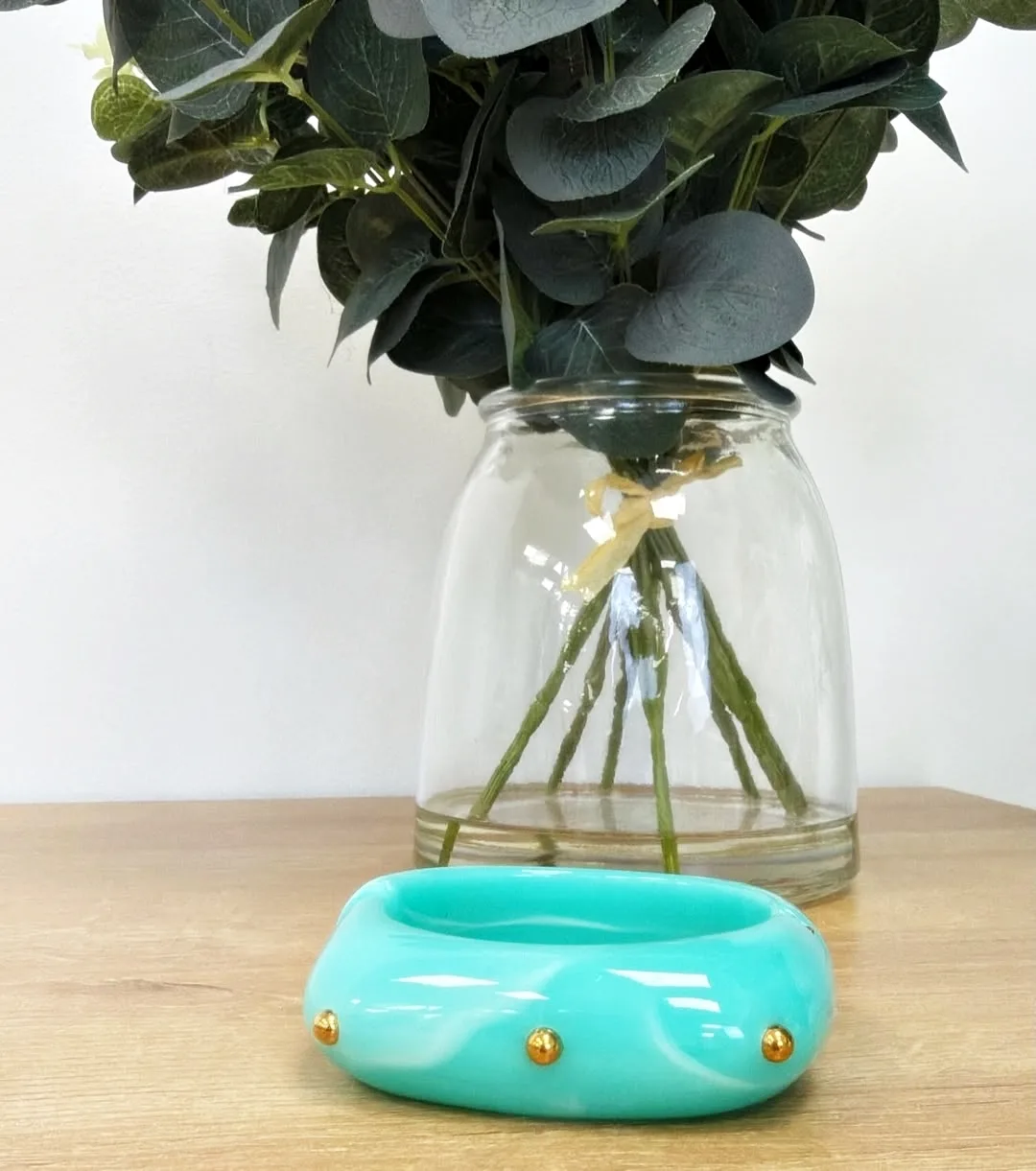 Brazalete tachas acero verde agua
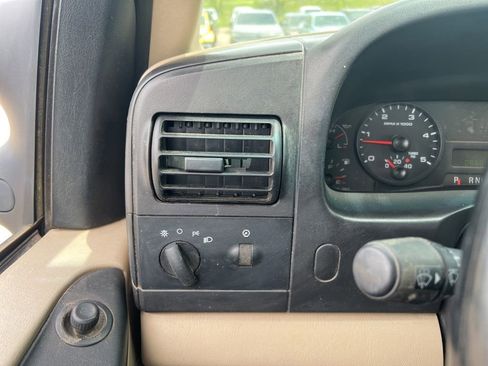 Used 2007 Ford F350 XL AWD/4WD image 15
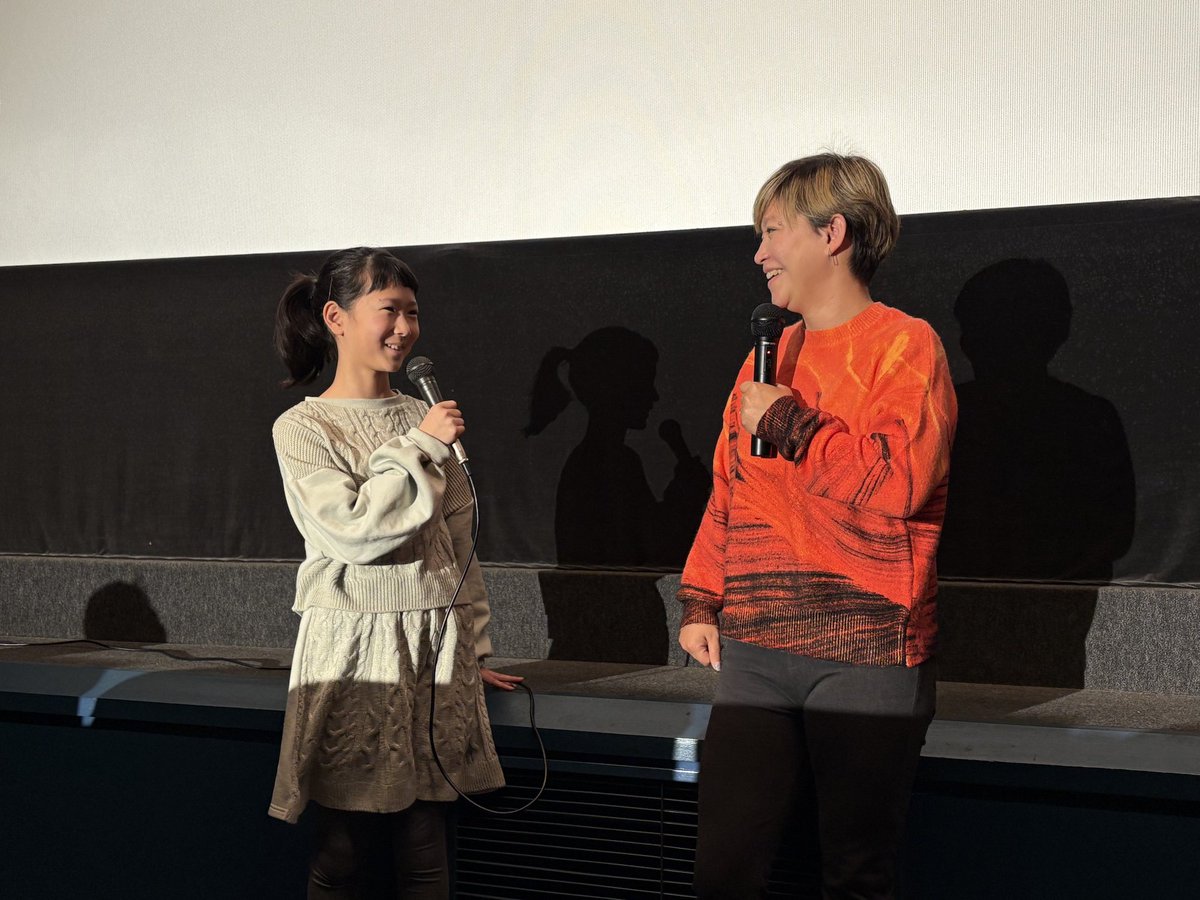 shogakko_film's tweet image. ━━━━━━━━━━━━━
『小学校〜それは小さな社会〜』
🏫興行収入1億円突破！🎒
━━━━━━━━━━━━━

映画をご覧くださった皆さま、
ありがとうございます！

「教育現場に光を当てたい」
山崎エマ監督の思いが届いていることを、
心から嬉しく思います。…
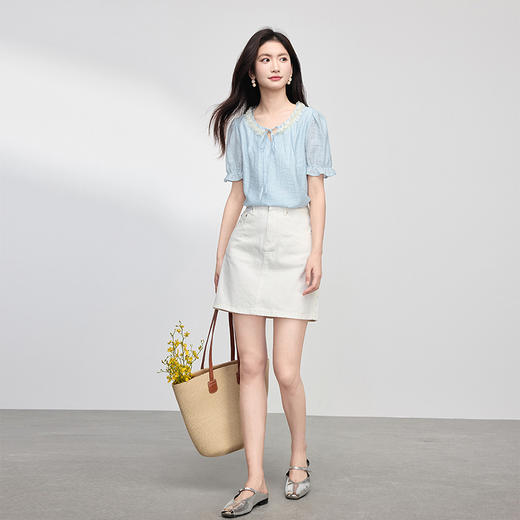【专属特价】熙世界南法假日立体花边天丝衬衫女夏季2025年新款泡泡袖小衫上衣 商品图2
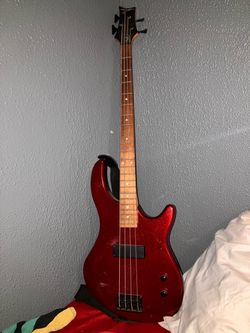 Red Dean Edge 09 + Bag and Recently changed strings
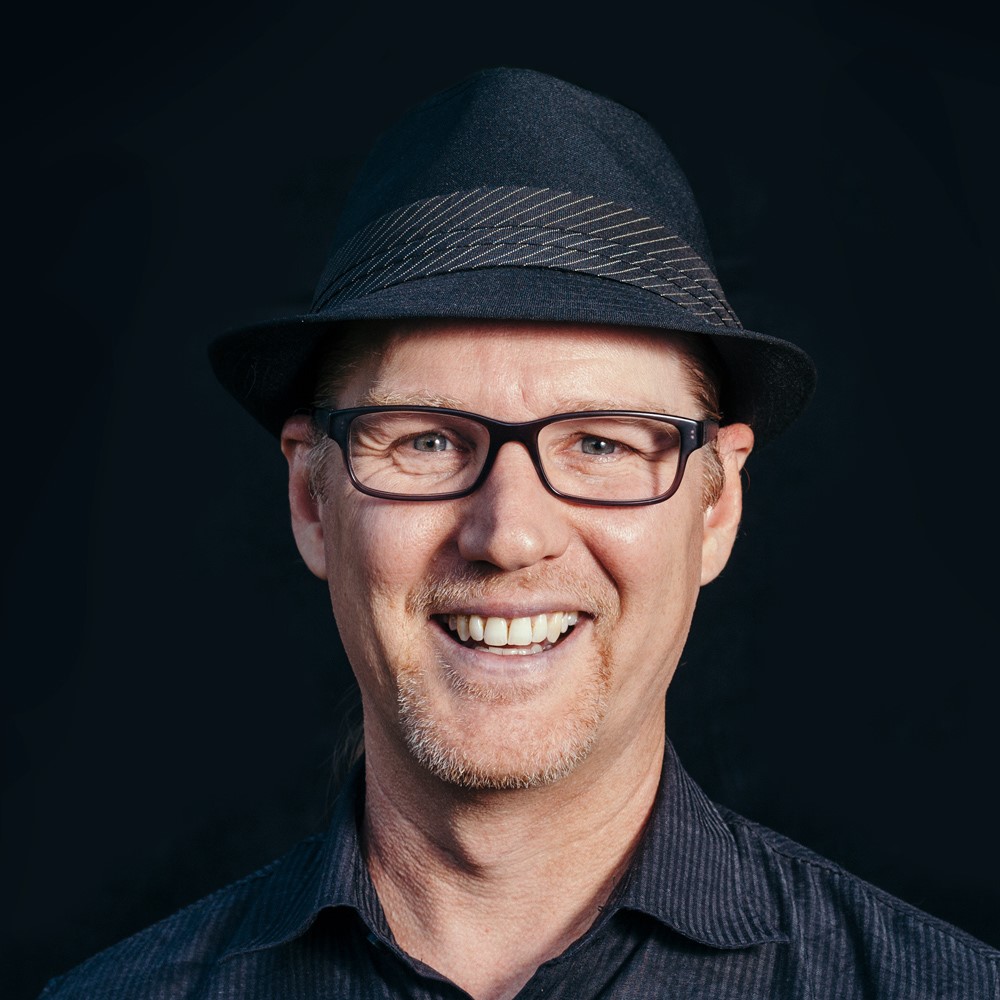 Dr Dan Headshot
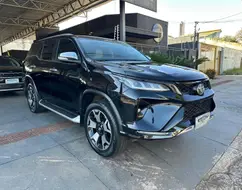 TOYOTA HILUX SW4 4.0 SRX 4X4 7 LUGARES V6 24V GASOLINA 4P AUTOMÁTICO TOYOTA HILUX SW4 4.0 SRX 4X4 7 LUGARES V6 24V GASOLINA 4P AUTOMÁTICO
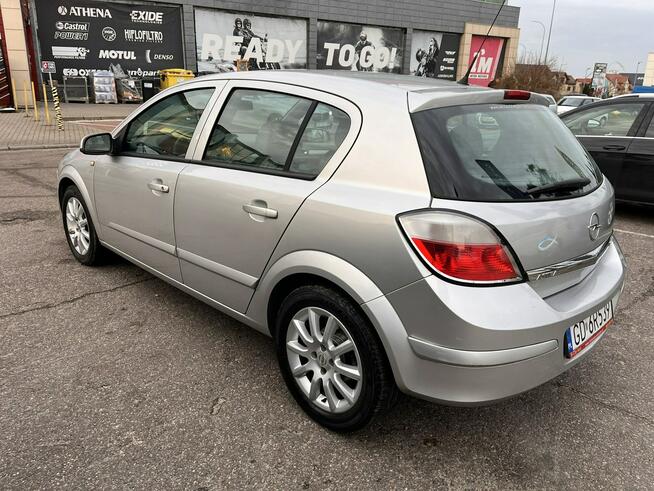 Opel Astra H 1,6 benzyna alu tempomat klima
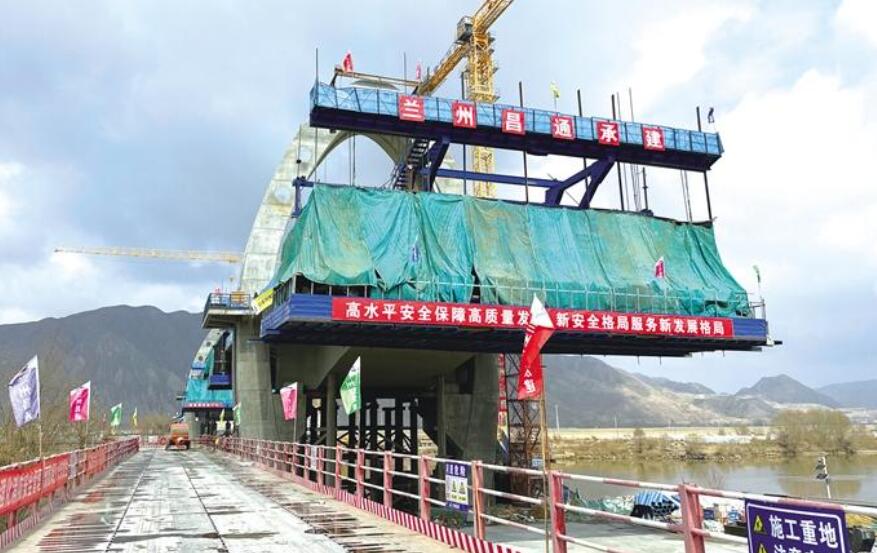 什川黃河大橋預(yù)計(jì)年底通車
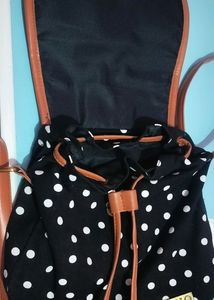 KLEIO Black Slingbag
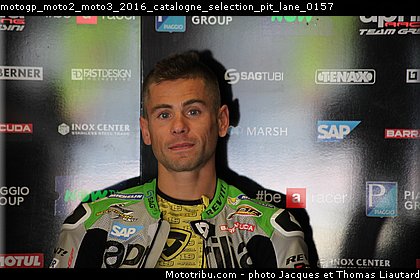 motogp_moto2_moto3_2016_catalogne_selection_pit_lane_0157.jpg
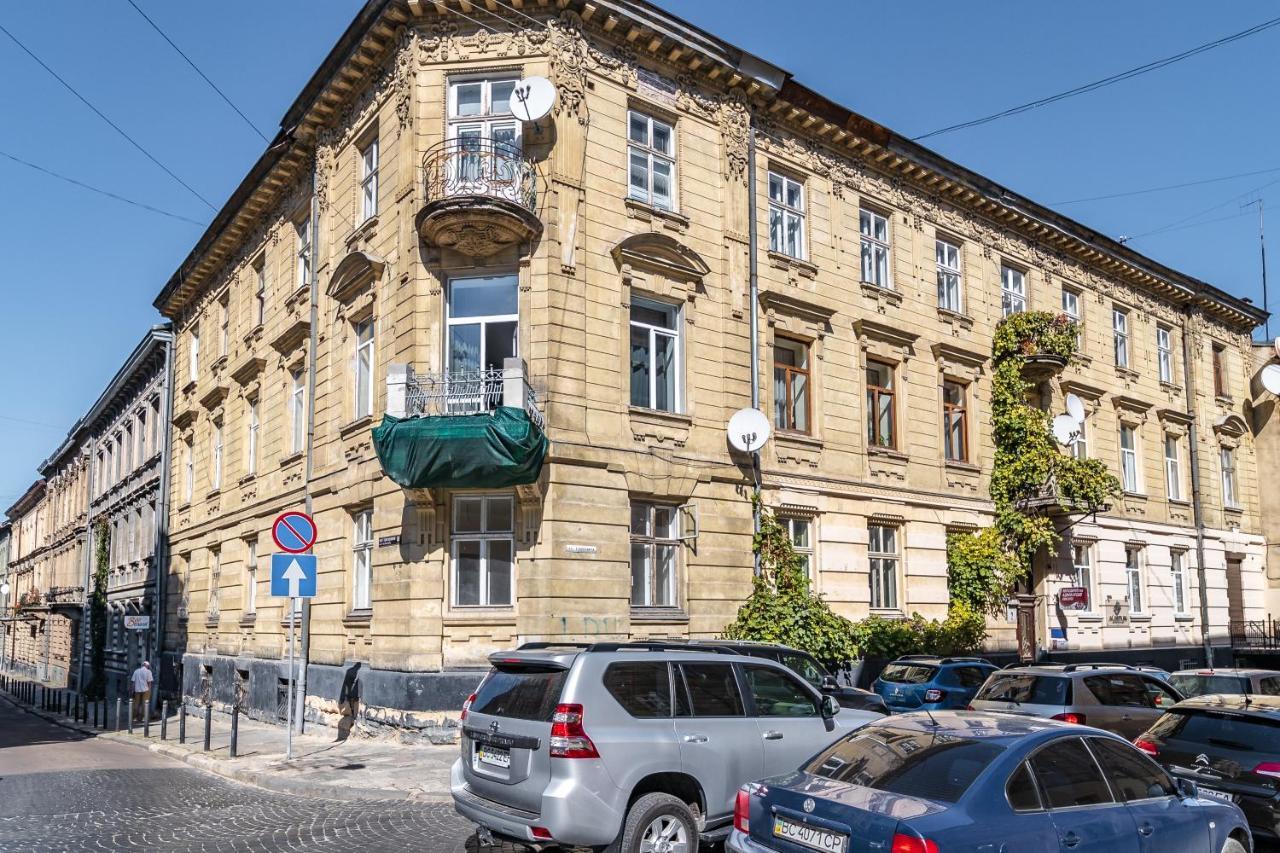 Apartment Inshiapartments On Popovycha Str *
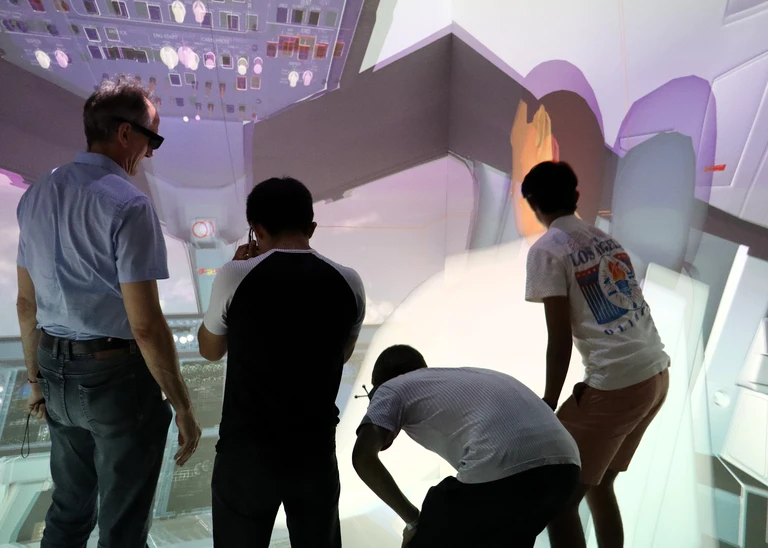 Virtuelle Welten hautnah: Die Schülerinnen und Schüler waren beeindruckt von den vielfältigen Möglichkeiten des VR-Labors (Foto: THI).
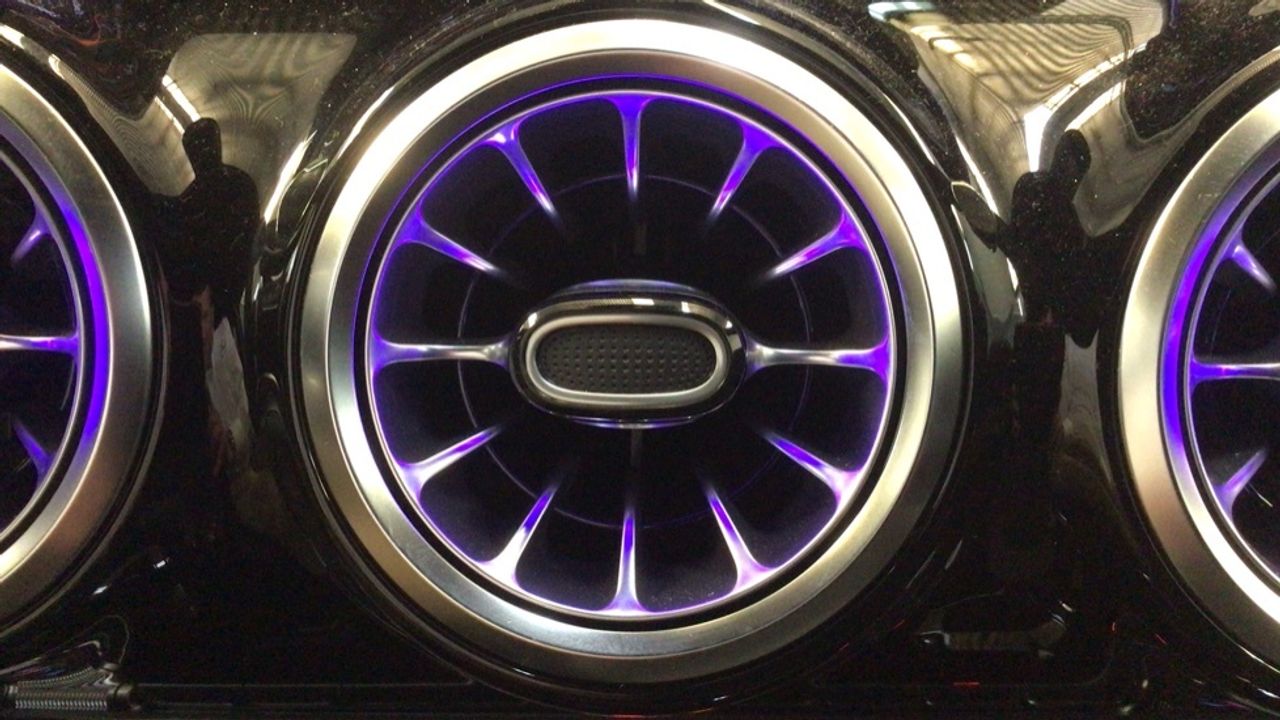 mercedes-clase-a-sedan-a-250-e-imagen-18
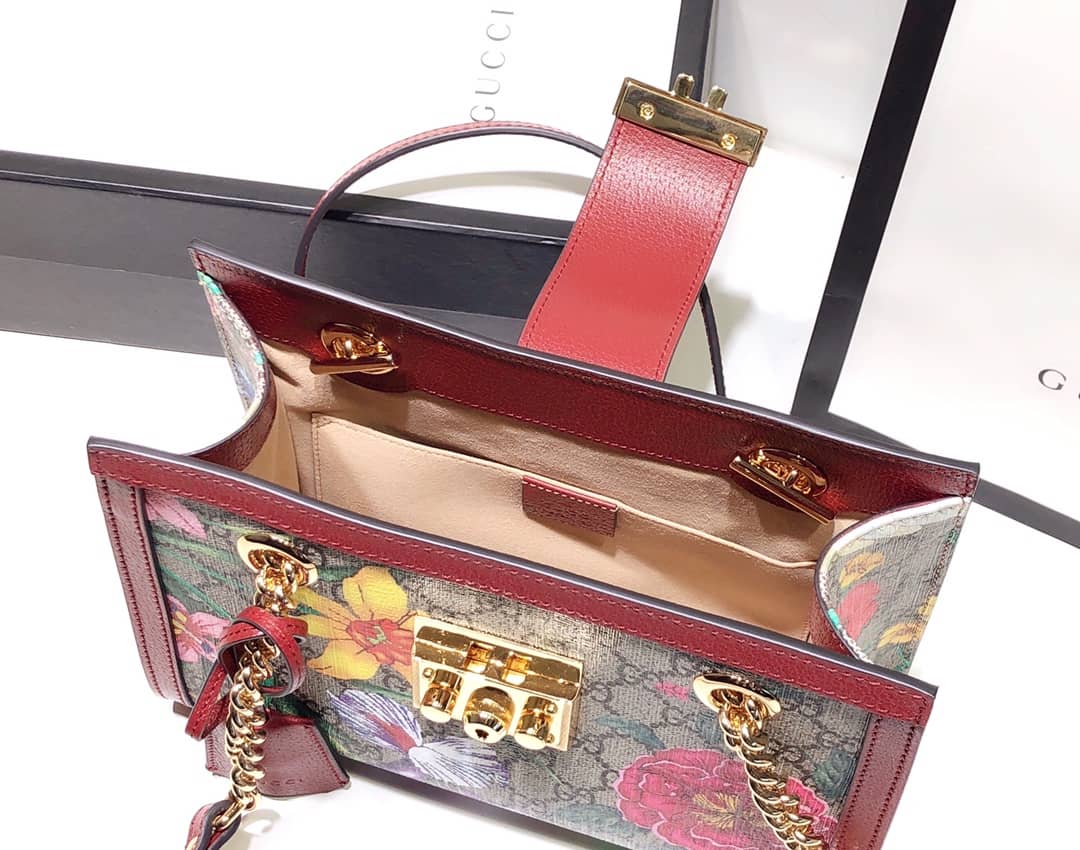 Gvc*1 Padlock Small GG Svp*me Canvas Shoulder Bag Replica Red 498156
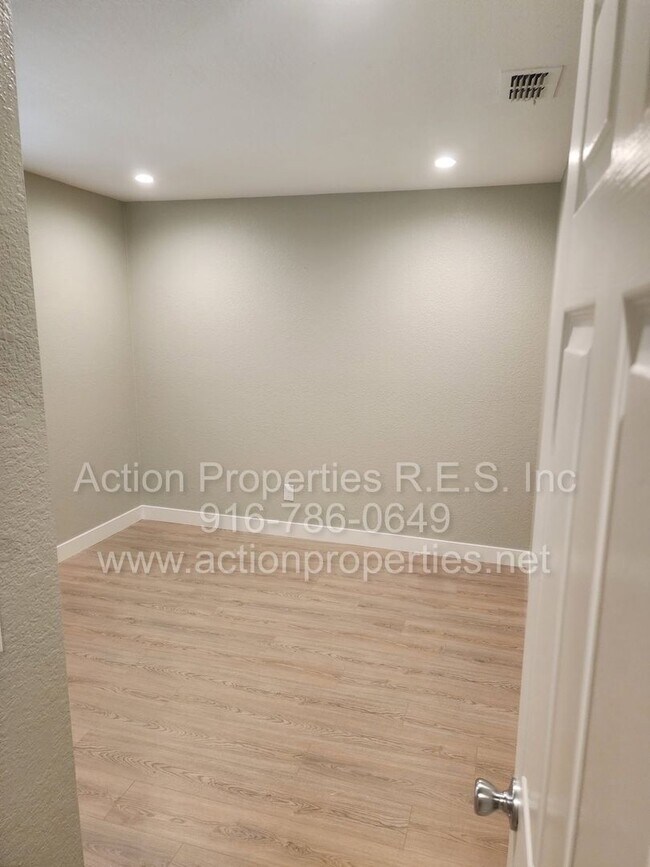 Building Photo - West Roseville 3 bedroom 2 bathroom 1406 sqft Three Car Garage Walking to Wood Creek High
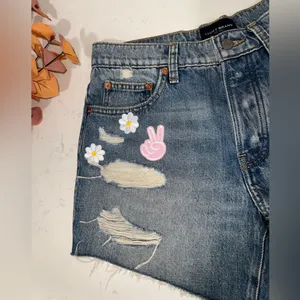 90s midi short Denim Distressed Shorts with Embroidered Patches thumbnail 2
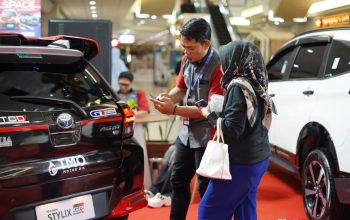 Berkendara Lebih Aman dan Makin Terjangkau, Toyota Lengkapi Segmen Menengah dengan Teknologi Premium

### What the exercise asks
The images are to be left out while the entries are written out exactly.

### Answer space
 Brazalete tachas acero verde agua
 Used 2007 Ford F350 XL AWD/4WD image 15
 shogakko_film's tweet image. ━━━━━━━━━━━━━
『小学校〜それは小さな社会〜』
🏫興行収入1億円突破！🎒
━━━━━━━━━━━━━

映画をご覧くださった皆さま、
ありがとうございます！

「教育現場に光を当てたい」
山崎エマ監督の思いが届いていることを、
心から嬉しく思います。…
【专属特价】熙世界南法假日立体花边天丝衬衫女夏季2025年新款泡泡袖小衫上衣 商品图2
 Red Dean Edge 09 + Bag and Recently changed strings
 Dr Dan Headshot
 TOYOTA HILUX SW4 4.0 SRX 4X4 7 LUGARES V6 24V GASOLINA 4P AUTOMÁTICO TOYOTA HILUX SW4 4.0 SRX 4X4 7 LUGARES V6 24V GASOLINA 4P AUTOMÁTICO
 Opel Astra H 1,6 benzyna alu tempomat klima
 什川黃河大橋預(yù)計(jì)年底通車
 KLEIO Black Slingbag
 motogp_moto2_moto3_2016_catalogne_selection_pit_lane_0157.jpg
 Apartment Inshiapartments On Popovycha Str *
 Virtuelle Welten hautnah: Die Schülerinnen und Schüler waren beeindruckt von den vielfältigen Möglichkeiten des VR-Labors (Foto: THI).
 mercedes-clase-a-sedan-a-250-e-imagen-18
 Gvc*1 Padlock Small GG Svp*me Canvas Shoulder Bag Replica Red 498156
 Building Photo - West Roseville 3 bedroom 2 bathroom 1406 sqft Three Car Garage Walking to Wood Creek High
 90s midi short Denim Distressed Shorts with Embroidered Patches thumbnail 2
 Berkendara Lebih Aman dan Makin Terjangkau, Toyota Lengkapi Segmen Menengah dengan Teknologi Premium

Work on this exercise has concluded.